Write out the lines from the top of the material through the line with "A DMG MORI DMC 104V linear gép elölnézete", exactly and with nothing added.

● Task data
::::::

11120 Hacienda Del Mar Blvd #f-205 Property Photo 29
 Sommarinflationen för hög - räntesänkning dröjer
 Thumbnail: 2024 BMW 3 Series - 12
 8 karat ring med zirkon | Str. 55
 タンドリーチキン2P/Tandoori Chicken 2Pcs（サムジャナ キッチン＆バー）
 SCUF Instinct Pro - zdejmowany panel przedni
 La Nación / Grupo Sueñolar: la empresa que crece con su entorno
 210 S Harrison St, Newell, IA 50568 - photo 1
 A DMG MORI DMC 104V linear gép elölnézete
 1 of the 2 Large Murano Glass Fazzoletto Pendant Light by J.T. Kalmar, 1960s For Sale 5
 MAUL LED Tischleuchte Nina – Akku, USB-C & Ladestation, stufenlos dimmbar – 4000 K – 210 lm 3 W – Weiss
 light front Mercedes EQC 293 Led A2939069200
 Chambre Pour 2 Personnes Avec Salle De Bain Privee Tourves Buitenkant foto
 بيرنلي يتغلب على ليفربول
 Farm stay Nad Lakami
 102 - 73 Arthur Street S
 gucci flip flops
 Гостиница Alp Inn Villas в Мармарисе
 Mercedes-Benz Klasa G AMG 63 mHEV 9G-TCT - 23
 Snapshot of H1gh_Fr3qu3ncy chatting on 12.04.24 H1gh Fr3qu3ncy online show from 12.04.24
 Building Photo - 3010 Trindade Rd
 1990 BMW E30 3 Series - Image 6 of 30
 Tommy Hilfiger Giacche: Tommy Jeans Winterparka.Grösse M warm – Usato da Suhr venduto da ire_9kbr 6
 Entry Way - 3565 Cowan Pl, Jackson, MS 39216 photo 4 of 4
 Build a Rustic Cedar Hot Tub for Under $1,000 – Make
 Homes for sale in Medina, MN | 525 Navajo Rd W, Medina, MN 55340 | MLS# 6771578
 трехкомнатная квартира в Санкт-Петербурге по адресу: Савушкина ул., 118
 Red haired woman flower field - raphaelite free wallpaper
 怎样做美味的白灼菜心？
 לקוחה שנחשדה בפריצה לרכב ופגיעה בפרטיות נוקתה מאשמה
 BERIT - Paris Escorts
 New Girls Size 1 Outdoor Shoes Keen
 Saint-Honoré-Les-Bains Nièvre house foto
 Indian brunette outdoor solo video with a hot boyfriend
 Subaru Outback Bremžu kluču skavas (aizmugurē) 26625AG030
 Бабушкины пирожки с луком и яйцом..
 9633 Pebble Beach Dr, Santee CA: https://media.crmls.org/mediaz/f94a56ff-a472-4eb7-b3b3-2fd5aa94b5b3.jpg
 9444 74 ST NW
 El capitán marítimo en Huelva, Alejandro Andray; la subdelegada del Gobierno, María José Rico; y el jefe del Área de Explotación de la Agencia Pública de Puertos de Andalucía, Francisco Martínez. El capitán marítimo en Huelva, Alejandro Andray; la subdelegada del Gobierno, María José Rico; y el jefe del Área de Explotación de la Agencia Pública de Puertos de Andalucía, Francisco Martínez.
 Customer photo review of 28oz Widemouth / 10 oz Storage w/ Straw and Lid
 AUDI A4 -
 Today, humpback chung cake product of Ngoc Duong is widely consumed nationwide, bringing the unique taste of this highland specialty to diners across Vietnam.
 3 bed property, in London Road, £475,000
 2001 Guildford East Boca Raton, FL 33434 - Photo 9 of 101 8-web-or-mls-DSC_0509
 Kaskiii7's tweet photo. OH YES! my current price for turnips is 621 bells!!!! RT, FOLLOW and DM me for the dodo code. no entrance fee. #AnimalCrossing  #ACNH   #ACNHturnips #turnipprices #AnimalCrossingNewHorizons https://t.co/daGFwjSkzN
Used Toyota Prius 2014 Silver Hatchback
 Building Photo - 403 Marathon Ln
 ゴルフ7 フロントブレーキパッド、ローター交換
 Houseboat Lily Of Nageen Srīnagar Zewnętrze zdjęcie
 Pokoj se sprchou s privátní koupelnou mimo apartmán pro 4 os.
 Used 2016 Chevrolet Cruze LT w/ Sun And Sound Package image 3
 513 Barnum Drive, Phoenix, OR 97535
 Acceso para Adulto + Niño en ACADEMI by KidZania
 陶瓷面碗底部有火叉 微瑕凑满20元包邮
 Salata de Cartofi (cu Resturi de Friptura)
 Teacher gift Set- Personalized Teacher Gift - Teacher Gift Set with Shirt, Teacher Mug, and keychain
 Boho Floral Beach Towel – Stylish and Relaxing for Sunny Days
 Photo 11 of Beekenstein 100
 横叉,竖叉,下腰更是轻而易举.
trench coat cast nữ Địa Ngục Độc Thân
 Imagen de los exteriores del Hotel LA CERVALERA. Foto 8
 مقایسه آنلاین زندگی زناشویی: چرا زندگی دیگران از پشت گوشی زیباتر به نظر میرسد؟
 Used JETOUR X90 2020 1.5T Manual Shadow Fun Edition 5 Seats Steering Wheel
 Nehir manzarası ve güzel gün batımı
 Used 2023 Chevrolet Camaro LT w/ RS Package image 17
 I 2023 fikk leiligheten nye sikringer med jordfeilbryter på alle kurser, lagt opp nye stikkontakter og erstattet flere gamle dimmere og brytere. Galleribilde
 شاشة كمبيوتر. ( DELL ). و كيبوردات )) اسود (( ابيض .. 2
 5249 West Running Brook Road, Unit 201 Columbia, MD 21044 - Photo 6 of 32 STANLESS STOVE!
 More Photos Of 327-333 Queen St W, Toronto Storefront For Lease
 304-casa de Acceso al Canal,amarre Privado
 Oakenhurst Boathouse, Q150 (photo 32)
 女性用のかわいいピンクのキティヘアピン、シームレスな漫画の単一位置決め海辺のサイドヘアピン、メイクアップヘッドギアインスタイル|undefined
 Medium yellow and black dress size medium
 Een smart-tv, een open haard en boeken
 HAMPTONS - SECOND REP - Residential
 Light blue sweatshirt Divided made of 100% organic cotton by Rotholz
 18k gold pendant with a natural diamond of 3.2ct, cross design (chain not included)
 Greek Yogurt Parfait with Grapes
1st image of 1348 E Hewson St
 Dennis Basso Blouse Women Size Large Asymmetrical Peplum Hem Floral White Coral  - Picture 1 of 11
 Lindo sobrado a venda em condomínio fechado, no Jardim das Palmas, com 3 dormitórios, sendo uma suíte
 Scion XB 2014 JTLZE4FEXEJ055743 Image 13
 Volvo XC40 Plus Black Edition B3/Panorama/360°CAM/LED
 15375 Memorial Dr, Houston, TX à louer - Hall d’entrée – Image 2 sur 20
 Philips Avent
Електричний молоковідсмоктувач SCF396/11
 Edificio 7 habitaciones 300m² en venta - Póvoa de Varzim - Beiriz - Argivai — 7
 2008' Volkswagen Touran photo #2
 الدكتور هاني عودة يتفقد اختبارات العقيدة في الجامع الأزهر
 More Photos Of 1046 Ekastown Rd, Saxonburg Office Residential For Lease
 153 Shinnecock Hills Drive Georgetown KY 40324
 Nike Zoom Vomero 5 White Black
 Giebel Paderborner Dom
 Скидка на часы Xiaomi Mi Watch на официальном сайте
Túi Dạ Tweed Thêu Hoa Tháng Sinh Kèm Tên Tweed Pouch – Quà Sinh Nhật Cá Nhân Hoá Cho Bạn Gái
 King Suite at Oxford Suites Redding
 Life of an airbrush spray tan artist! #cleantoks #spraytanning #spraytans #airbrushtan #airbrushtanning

::::::

● Answer for this exercise
11120 Hacienda Del Mar Blvd #f-205 Property Photo 29
 Sommarinflationen för hög - räntesänkning dröjer
 Thumbnail: 2024 BMW 3 Series - 12
 8 karat ring med zirkon | Str. 55
 タンドリーチキン2P/Tandoori Chicken 2Pcs（サムジャナ キッチン＆バー）
 SCUF Instinct Pro - zdejmowany panel przedni
 La Nación / Grupo Sueñolar: la empresa que crece con su entorno
 210 S Harrison St, Newell, IA 50568 - photo 1
 A DMG MORI DMC 104V linear gép elölnézete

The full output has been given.